**TASK DETAILS**
Please keep pictures out and return the lines below exactly, from the one holding "Donaupark Camping Klosterneuburg" through the last, both included.

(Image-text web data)
▼▼▼

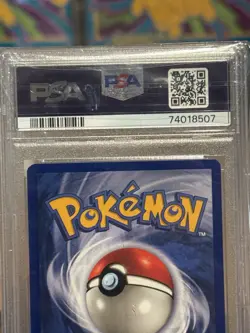 1999 Pokemon Fossil Aerodactyl Holo #1 PSA 9 Mint WOTC Vintage Card - Image 4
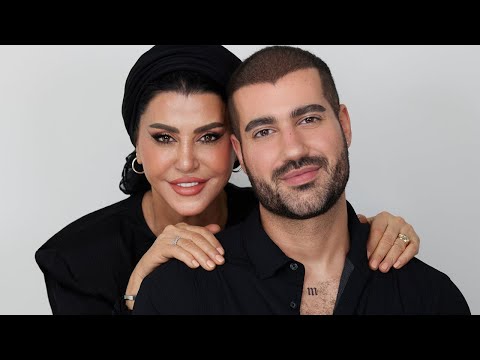 I DO MY MOMS MAKEUP! | Hindash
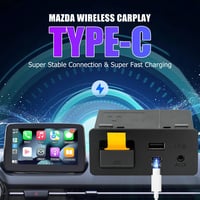 HMYC Mazda TYPE-C Wireless CarPlay Adapter MZD CONNECT 2014-2020 2
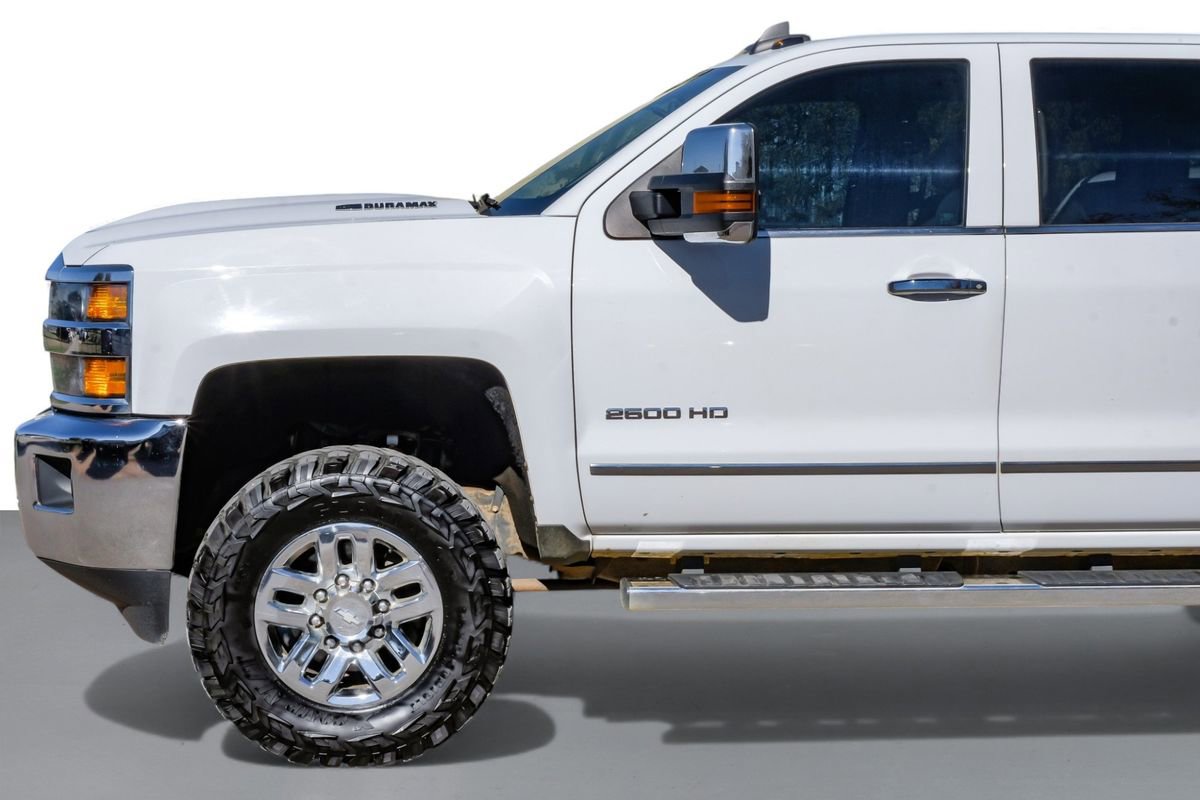 Used 2018 Chevrolet Silverado 2500 LTZ w/ Duramax Plus Package image 10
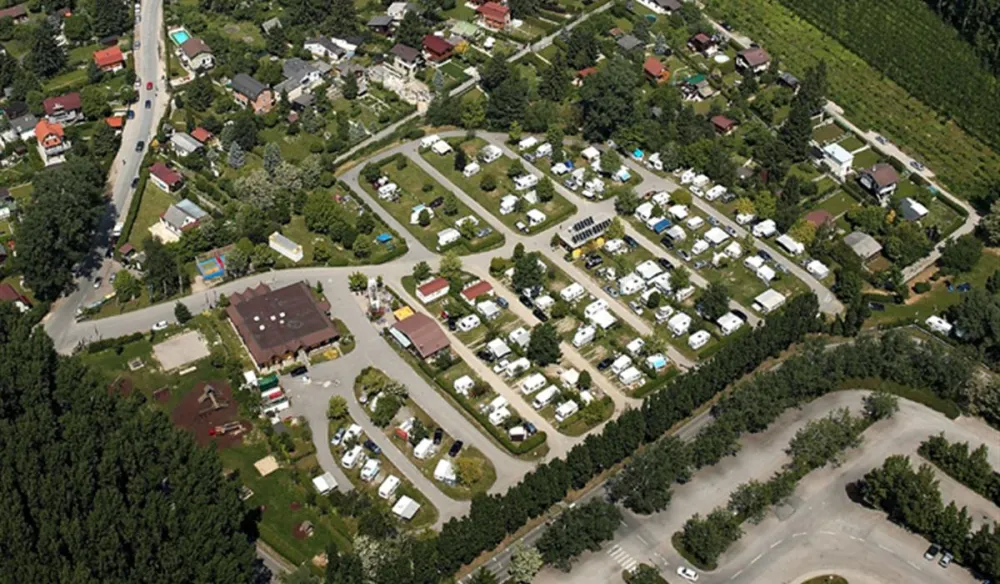 Donaupark Camping Klosterneuburg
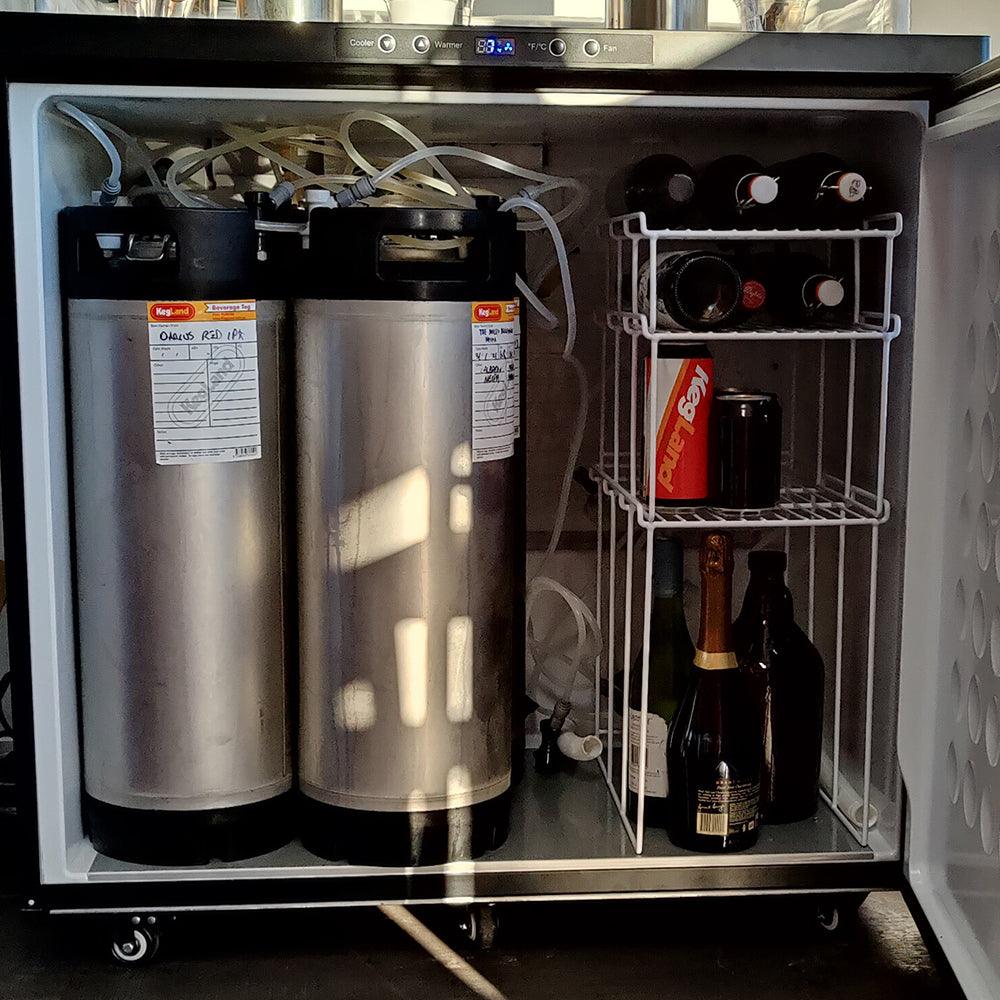 Kegerator Modular Wire Shelf Set (3 Pieces) - KegLand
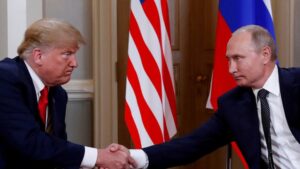 Historic Trump-Putin Summit Underway in Alaska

▲▲▲

**REPLY TO THE EXERCISE**
 Donaupark Camping Klosterneuburg
 Kegerator Modular Wire Shelf Set (3 Pieces) - KegLand
 Historic Trump-Putin Summit Underway in Alaska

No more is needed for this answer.